PROVIDED MATERIAL: Begin

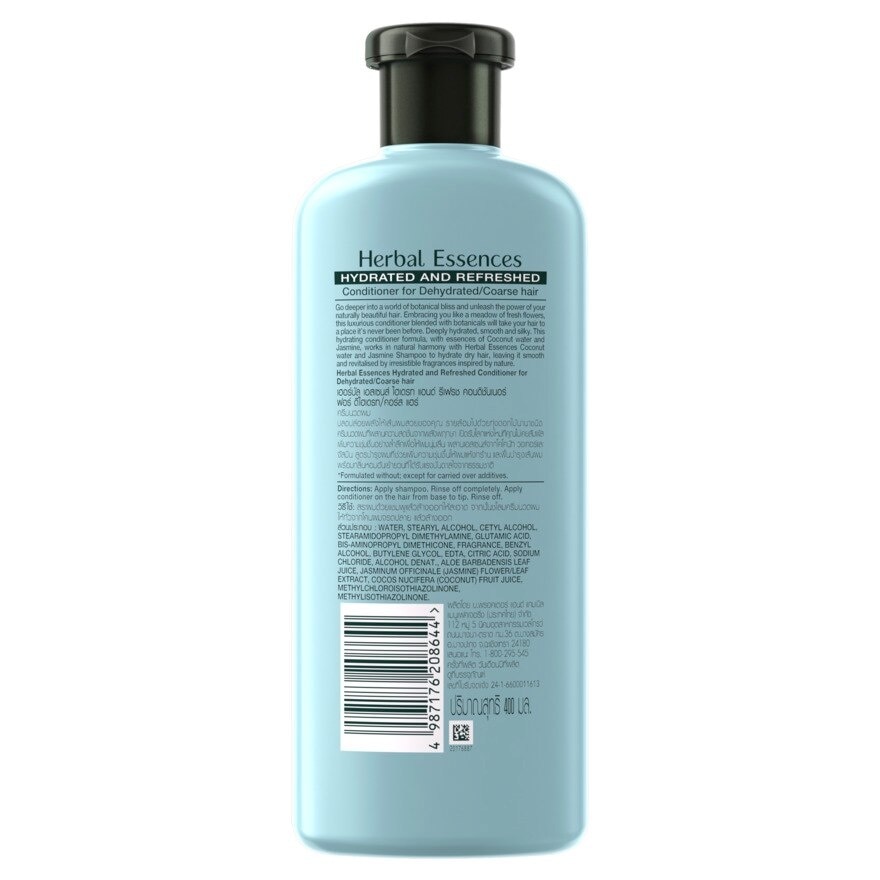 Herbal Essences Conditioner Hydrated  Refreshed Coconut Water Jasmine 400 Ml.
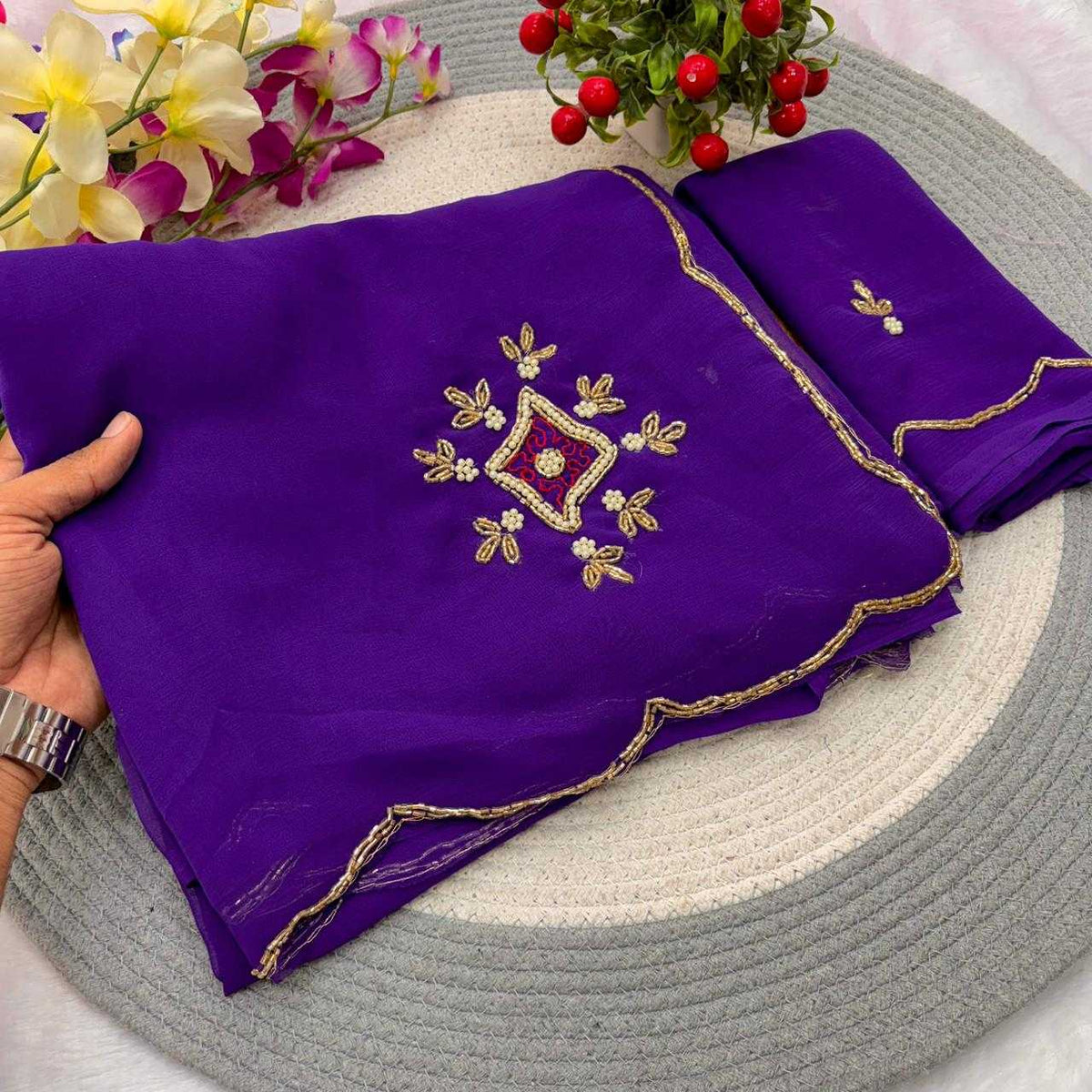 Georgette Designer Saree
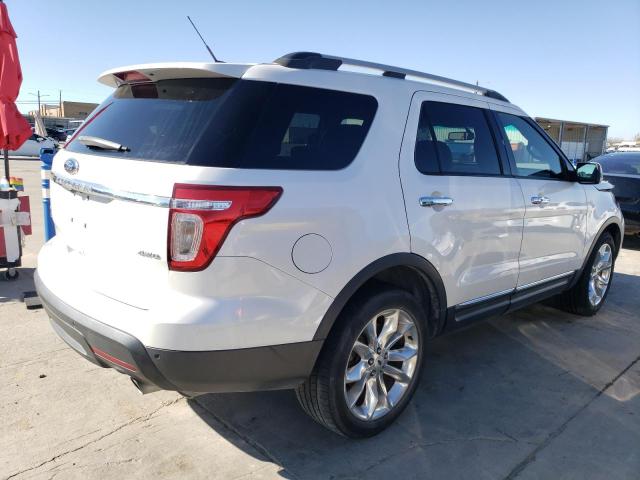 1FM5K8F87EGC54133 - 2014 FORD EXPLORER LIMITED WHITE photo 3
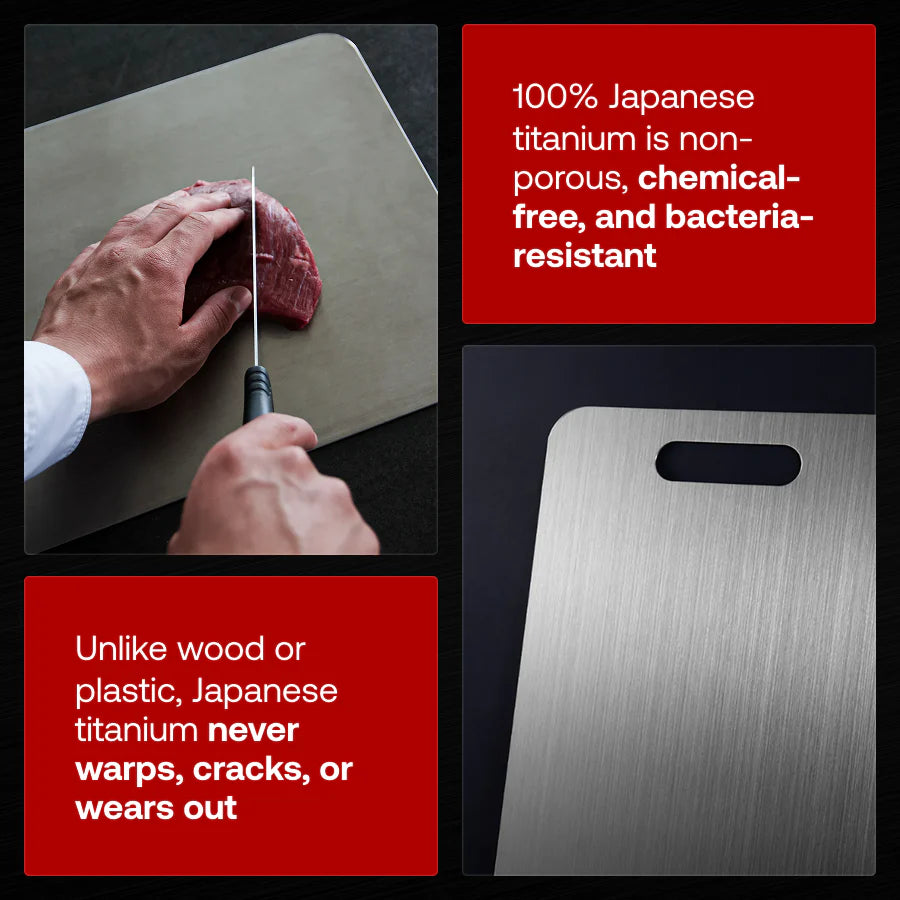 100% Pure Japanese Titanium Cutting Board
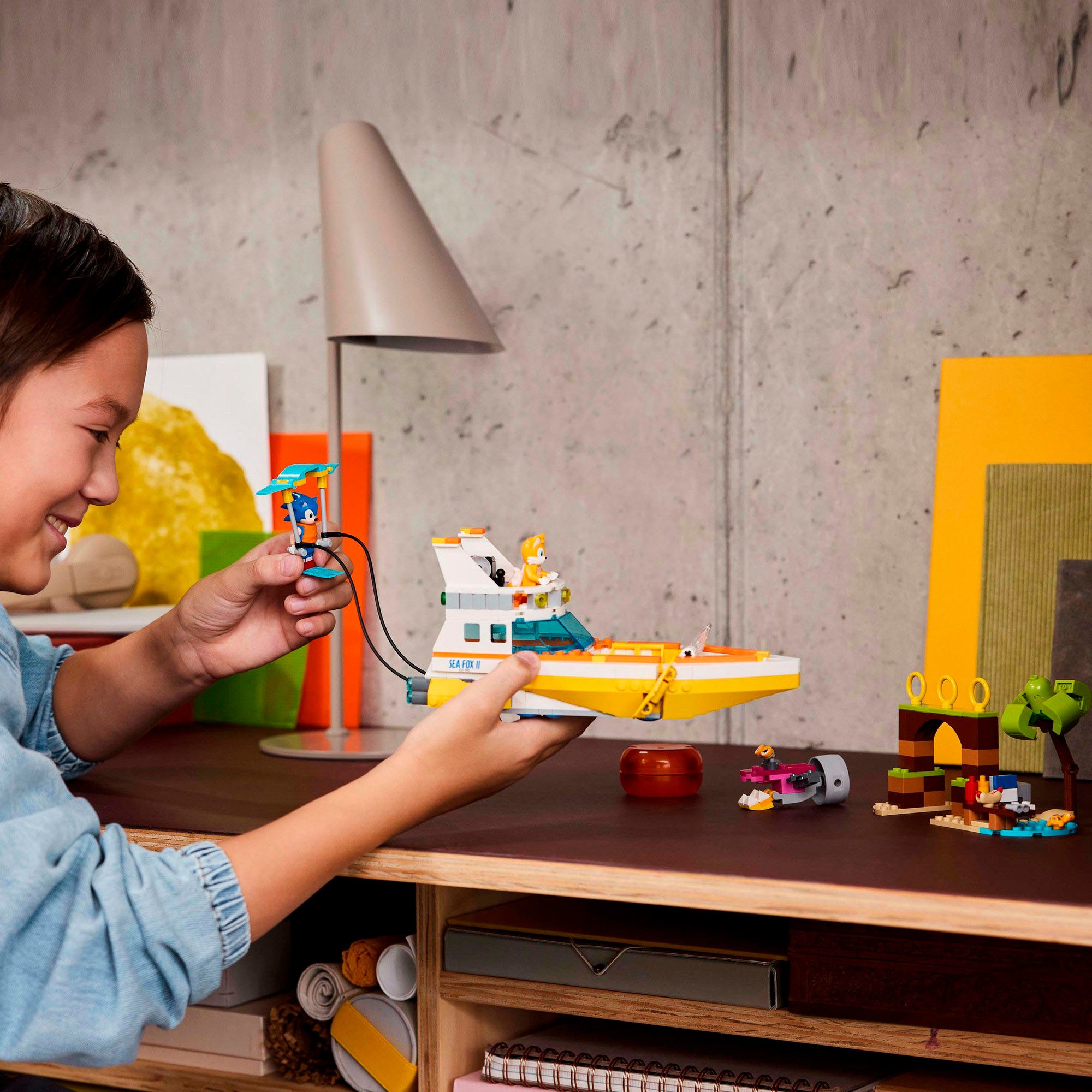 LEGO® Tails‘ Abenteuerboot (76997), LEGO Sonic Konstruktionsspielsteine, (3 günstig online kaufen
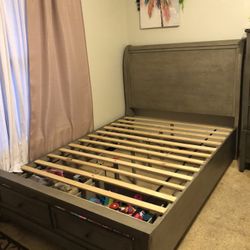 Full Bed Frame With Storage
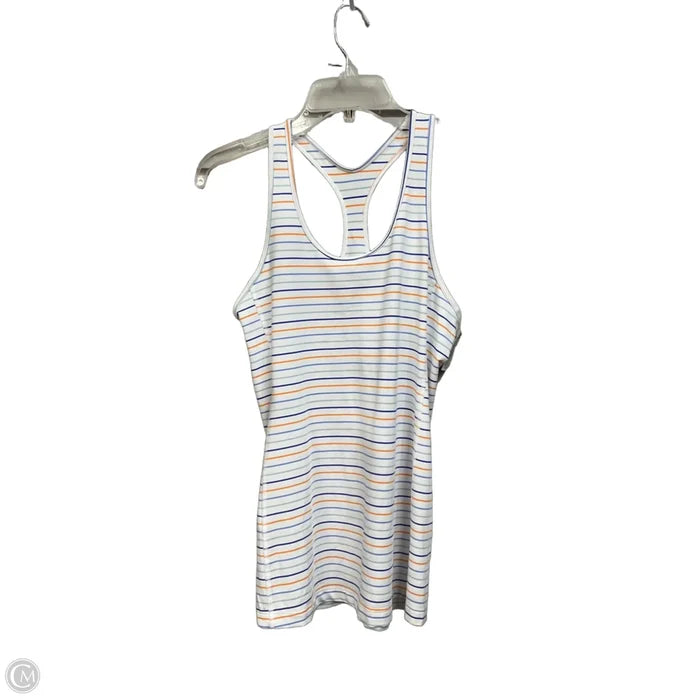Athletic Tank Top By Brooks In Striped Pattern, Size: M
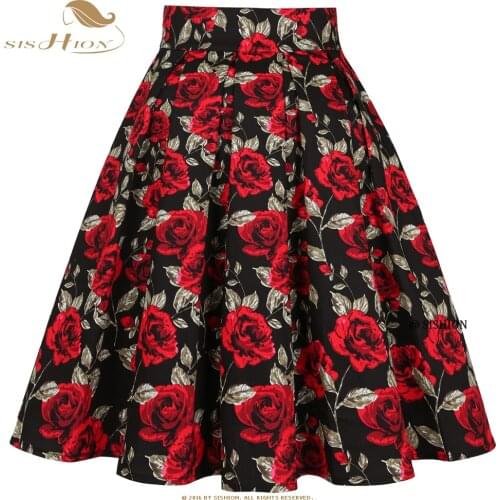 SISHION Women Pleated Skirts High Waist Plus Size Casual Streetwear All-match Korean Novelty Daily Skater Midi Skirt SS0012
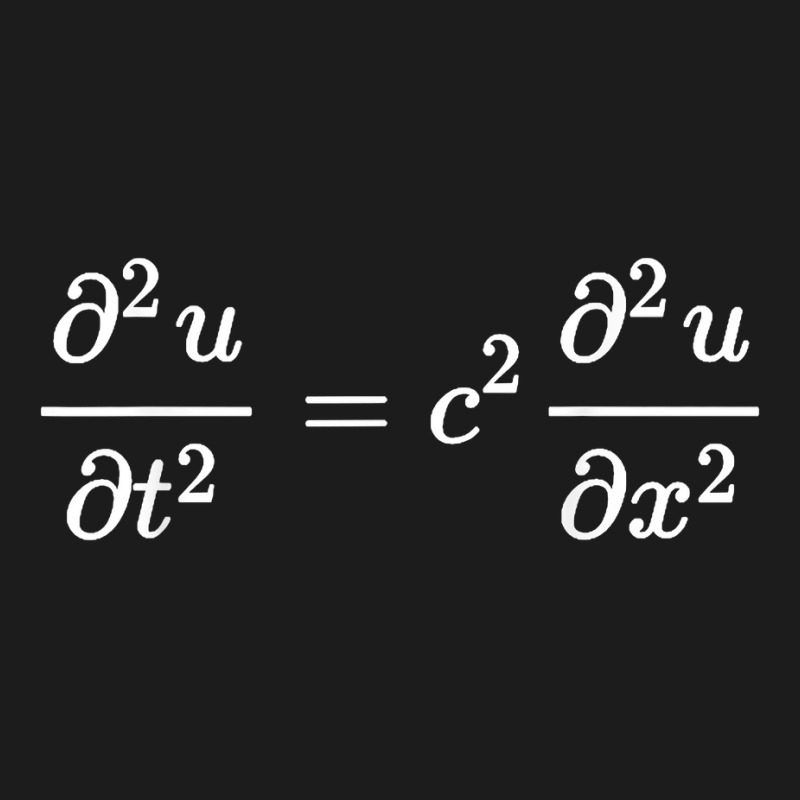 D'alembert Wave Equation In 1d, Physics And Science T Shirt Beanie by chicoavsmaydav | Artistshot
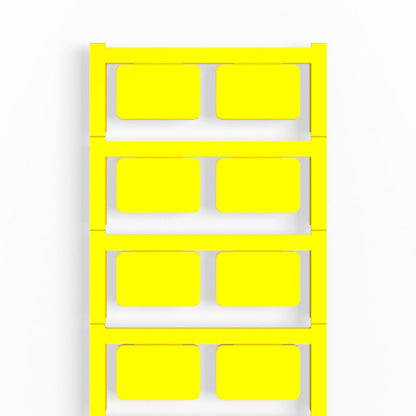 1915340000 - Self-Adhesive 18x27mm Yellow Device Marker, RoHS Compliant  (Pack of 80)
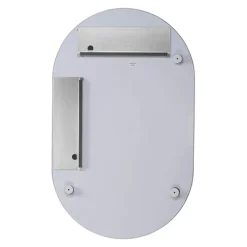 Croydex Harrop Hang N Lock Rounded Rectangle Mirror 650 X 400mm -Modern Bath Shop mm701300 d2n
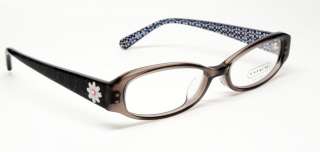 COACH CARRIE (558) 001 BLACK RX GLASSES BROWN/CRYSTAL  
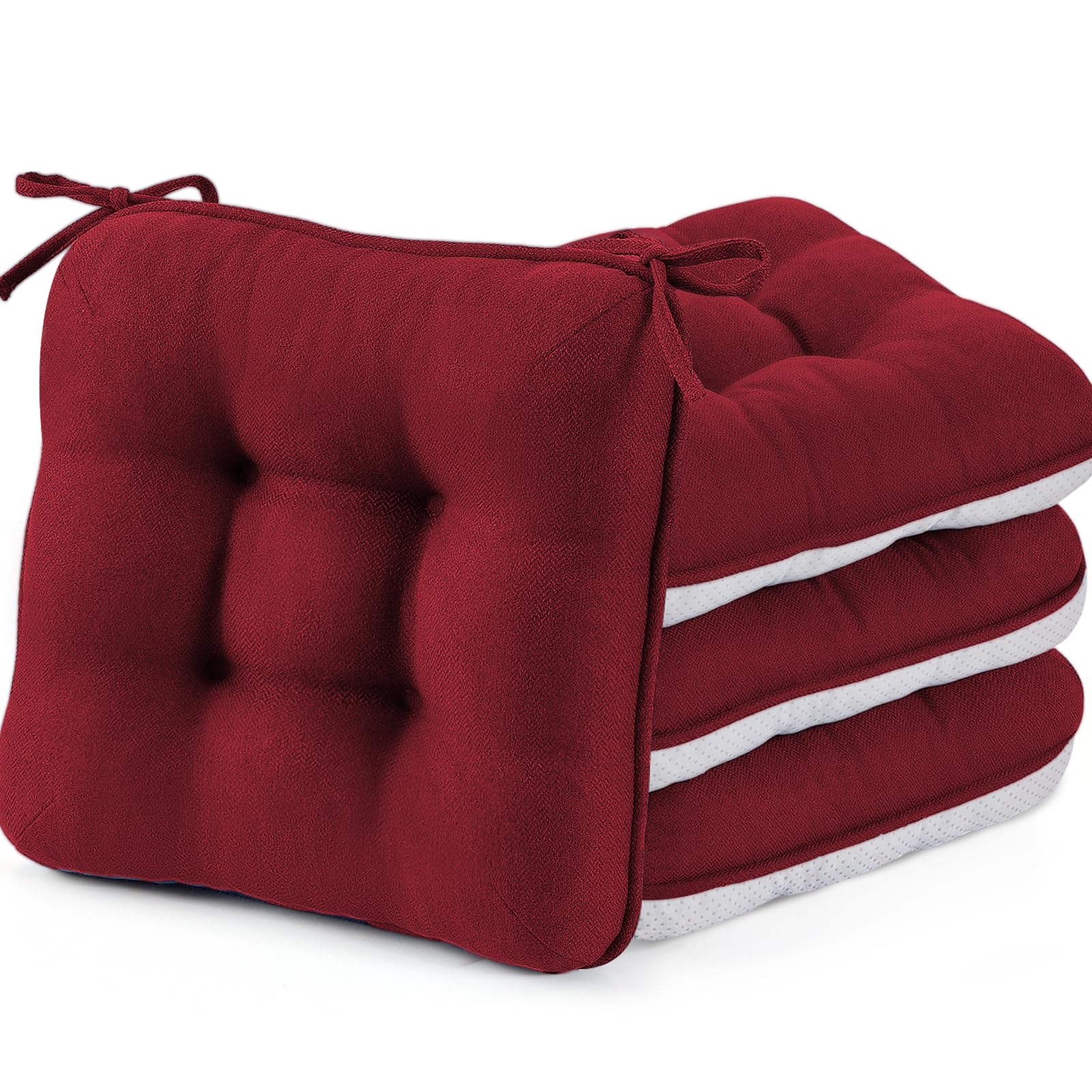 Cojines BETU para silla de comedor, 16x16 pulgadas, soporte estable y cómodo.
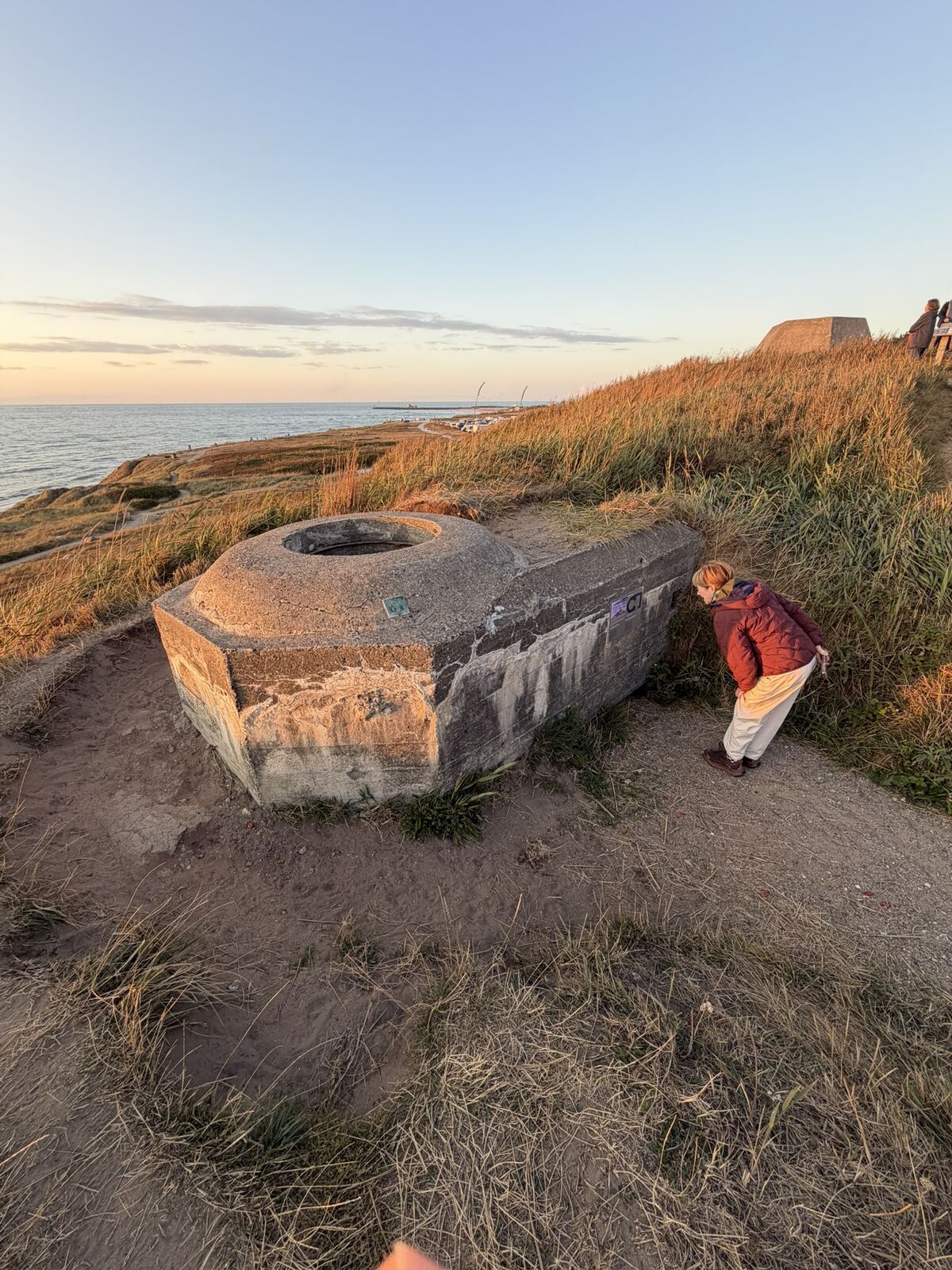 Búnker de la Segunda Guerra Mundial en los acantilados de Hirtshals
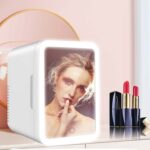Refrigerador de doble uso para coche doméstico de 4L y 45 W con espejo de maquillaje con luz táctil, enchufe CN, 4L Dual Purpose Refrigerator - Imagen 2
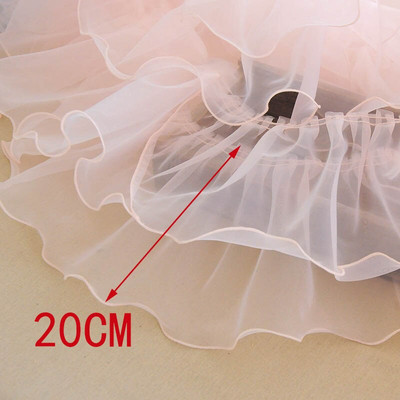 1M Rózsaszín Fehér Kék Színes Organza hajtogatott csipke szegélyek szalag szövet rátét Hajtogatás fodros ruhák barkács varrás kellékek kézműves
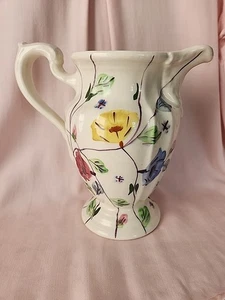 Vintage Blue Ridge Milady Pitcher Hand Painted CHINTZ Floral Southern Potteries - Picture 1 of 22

PROVIDED MATERIAL: End

Only the lines from the one containing "1FM5K8F87EGC54133 - 2014" through the end of the records are wanted, set down exactly and without their pictures.

### FINISHED EXERCISE
 1FM5K8F87EGC54133 - 2014 FORD EXPLORER LIMITED WHITE photo 3
 100% Pure Japanese Titanium Cutting Board
 LEGO® Tails‘ Abenteuerboot (76997), LEGO Sonic Konstruktionsspielsteine, (3 günstig online kaufen
 Full Bed Frame With Storage
Athletic Tank Top By Brooks In Striped Pattern, Size: M
 SISHION Women Pleated Skirts High Waist Plus Size Casual Streetwear All-match Korean Novelty Daily Skater Midi Skirt SS0012
 D'alembert Wave Equation In 1d, Physics And Science T Shirt Beanie by chicoavsmaydav | Artistshot
 1915340000 - Self-Adhesive 18x27mm Yellow Device Marker, RoHS Compliant  (Pack of 80)
 Croydex Harrop Hang N Lock Rounded Rectangle Mirror 650 X 400mm -Modern Bath Shop mm701300 d2n
 COACH CARRIE (558) 001 BLACK RX GLASSES BROWN/CRYSTAL  
 Cojines BETU para silla de comedor, 16x16 pulgadas, soporte estable y cómodo.
 Búnker de la Segunda Guerra Mundial en los acantilados de Hirtshals
Refrigerador de doble uso para coche doméstico de 4L y 45 W con espejo de maquillaje con luz táctil, enchufe CN, 4L Dual Purpose Refrigerator - Imagen 2
 1M Rózsaszín Fehér Kék Színes Organza hajtogatott csipke szegélyek szalag szövet rátét Hajtogatás fodros ruhák barkács varrás kellékek kézműves
 Vintage Blue Ridge Milady Pitcher Hand Painted CHINTZ Floral Southern Potteries - Picture 1 of 22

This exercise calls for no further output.